Su FB mi presento così: “Confido nell’arte del doppio senso e della fuga obliqua. Credo in una Grande Monade che sappia suonare il sax come Coltrane. Temo l’antimateria delle ciarle da aperitivo. Sono soggetto a scadenza, come lo stracchino di Nonno Nanni.” (1)

1) Esegesi del testo: “mi piace giocare con le parole. Mi piace il jazz e la musica indie. Mi piace bere in compagnia ma non so relazionarmi con le persone. Sono un po’ (?) finto, e comunque ho una fine, come tutte le cose viventi”.

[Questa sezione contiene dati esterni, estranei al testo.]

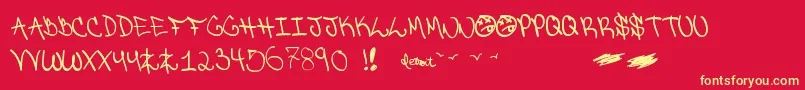 Detroitghetto Font – Yellow Fonts on Red Background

Mi sono laureato nel 1994 a Bologna, in Lettere Moderne. Mia sorella sostiene che la laurea risalga al 1995. Ho controllato sul papiro incorniciato: ha ragione lei. Ho scribacchiato qua e là, di teatro, di vita e d’altre amenità. Per il momento affliggo voi lettori con questo Blog e nei ritagli di tempo porto avanti un brutto romanzo che non finirà mai. Ho una figlia di nome Elmore, la potrei definire una bimba scalare, ossia non misurabile convenzionalmente.

Mi piace: contare le auto rosse (valgono anche gli scooter), girarmi di scatto e cercare di sorprendere la realtà, giocare con Elmore ai Gormiti, guardare vecchi film di fantascienza, mangiare senza posate, bere vino buono e far finta di conoscere quanti acini ci sono voluti per produrlo, camminare sulla spiaggia con due piedi sinistri.

Non mi piace: scrivere sms (non è vero), chattare su feisbuc (non è vero), dividere una cotoletta, mangiare i cavoli con la piada, camminare sulla spiaggia con due piedi destri.